__Problem details__.
An exact transcript of all the records is required, with nothing left out.
──────── Exercise materials
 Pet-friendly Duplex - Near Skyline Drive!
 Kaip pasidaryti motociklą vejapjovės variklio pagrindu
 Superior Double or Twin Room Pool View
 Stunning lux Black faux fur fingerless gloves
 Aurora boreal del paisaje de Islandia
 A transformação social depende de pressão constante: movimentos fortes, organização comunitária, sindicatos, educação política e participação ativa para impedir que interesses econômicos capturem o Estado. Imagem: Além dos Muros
────────────────
__Answer to this task__.
 Pet-friendly Duplex - Near Skyline Drive!
 Kaip pasidaryti motociklą vejapjovės variklio pagrindu
 Superior Double or Twin Room Pool View
 Stunning lux Black faux fur fingerless gloves
 Aurora boreal del paisaje de Islandia
 A transformação social depende de pressão constante: movimentos fortes, organização comunitária, sindicatos, educação política e participação ativa para impedir que interesses econômicos capturem o Estado. Imagem: Além dos Muros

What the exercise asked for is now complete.